La scelta di ambientare le vicende di Stella, Adrian, Tom, Dakota, Hortense, Zoé, Camille, Junior, Jêrome, Julie, del fantasma di Ray e di tutti gli altri non è forse un caso: l’alone di raffinatezza che nell’immaginario collettivo si attribuisce alla Ville Lumière si scontra con violenza a tratti cruda, indomabile e inaccettabile, che si trova tra le pagine. Un modo come un altro per farci riflettere su quanta importanza (o meno) abbia il luogo in cui l’uomo conduce se stesso e la propria esistenza, e quanto lui sia disposto a sacrificare, pur di averne in quantità, accanto a sé.
La Pancol costruisce, unisce, taglia, annienta vicende e personaggi e, in questo, la sua grande capacità narrativa è unica: ognuno ha il suo spazio, ogni elemento trova la sua giusta connotazione. Non si trovano affollamenti, né spazi temporali che confondono. Tutto ha un seguito. Semplicemente.
E, in questo entusiasmante groviglio di anime, la cucina (anche la francese) si eleva in tutta la sua perfezione, accentuando e distruggendo personalità e vicende.

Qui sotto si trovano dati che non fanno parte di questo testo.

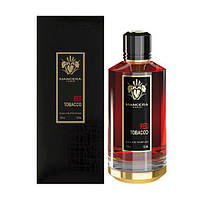 Mancera Red Tobacco 120 ml. Мансера Тобакко Ред 120 мл.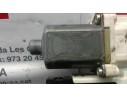 MOTOR ELEVALUNAS DELANTERO DERECHO 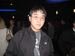 Matthew Chan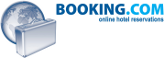 Booking.com B.V.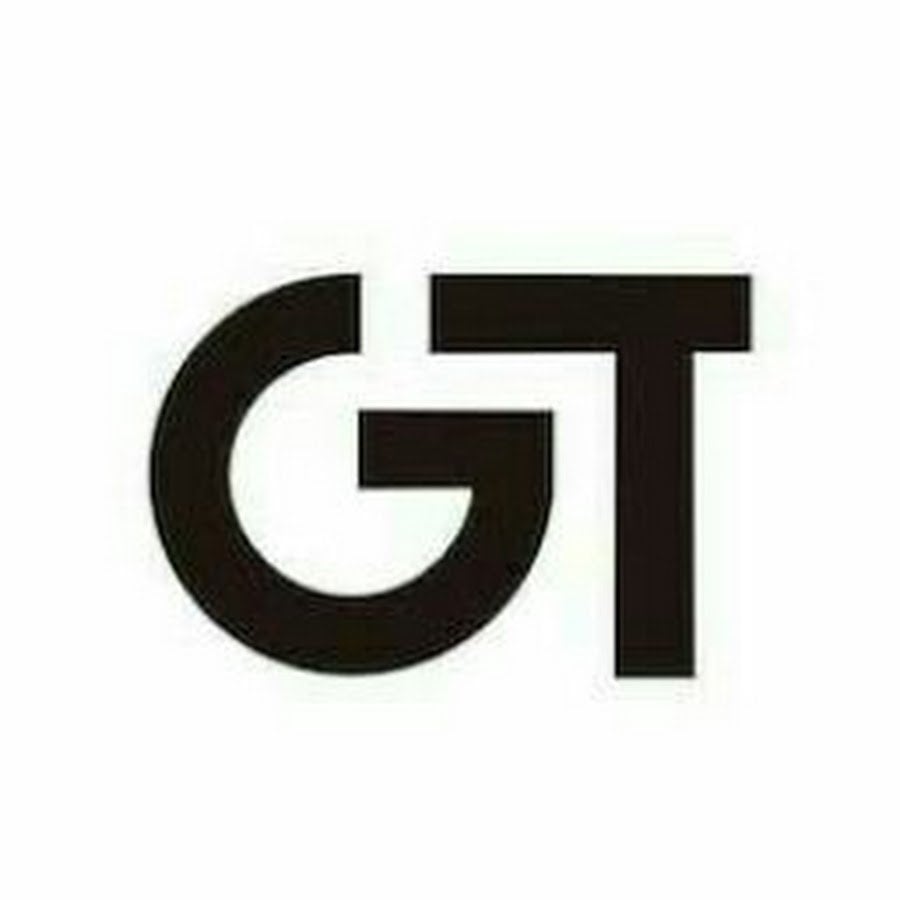 GAMETECH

C’è Stella che gusta piatti, lavora di forza fisica e coraggio, mentre si lamenta delle quantità e si concede una lunga cena con la sua famiglia a base di pane, vino, formaggio e insalate, gelato e cookies che suo figlio Tom aggiunge sul finale o alla festa di fidanzamento di Julie, la sua migliore amica, a base di rilettes, quiche alle zucchine e tramezzini al salmone; che si preoccupa per la fame di Adrian, suo compagno, quando affetta il pane e vede la forza che lui mette in quel gesto apparentemente semplice.
C’è Julie che teme una zolletta di zucchero, la stessa che, se solo avesse il coraggio di lasciar cadere nel caffè, le restituirebbe un po’ della dolcezza che, lentamente, sta perdendo.
C’è Tom la cui adolescenza dovrebbe essere fresca e invece è in perenne lotta contro fantasmi che non se ne vogliono andare. Tom che non vuole più andare alla mensa scolastica perché il merluzzo scongelato – freddo, gommoso- non può competere con la cucina di casa, con l’arrosto caldo e succoso, l’insalata di barbabietole, il patê e la mela condita che la dolce e sempre presente Suzon prepara per tutti.
C’è Adrain la cui voglia di riscatto è così forte da accecarlo e da obbligarlo a una compagnia di dubbio gusto che può sopportare solo davanti a un timballo di molluschi, una sogliola grigliata e un vino pregiato.
C’è Hortense che per un attimo dimentica l’ambizione di diventare la numero uno al mondo e divora un dolcissimo pollo al limone in salamoia, in compagnia di un enigmatico bambino e s’innamora di nuovo del suo Gary, quando lui le fa recapitare, direttamente dall’America, il vino che ha sancito il loro amore.
C’è Elena che gusta croissants (i migliori di Parigi, direttamente al Ritz) e vendetta; Gary che capisce il significato di sacrificarsi per amore davanti a un waffel e un’amicizia che nasce tra macarons al cioccolato e al caffè.
Mi fermo, non perché sia finita. Ci sarebbero ancora moltissimi spunti, riflessioni, conferme ma, per natura, non sono attratta dalle recensioni troppo lunghe e credo che queste mie parole possano considerarsi più che sufficienti a spiegare i motivi che mi hanno convinto, circa “Tre Baci”.
Ciò che invece mi pone dubbi (molti) è la seguente domanda: la bellezza salverà l’uomo o sarà l’uomo a salvare (e divulgare) la bellezza?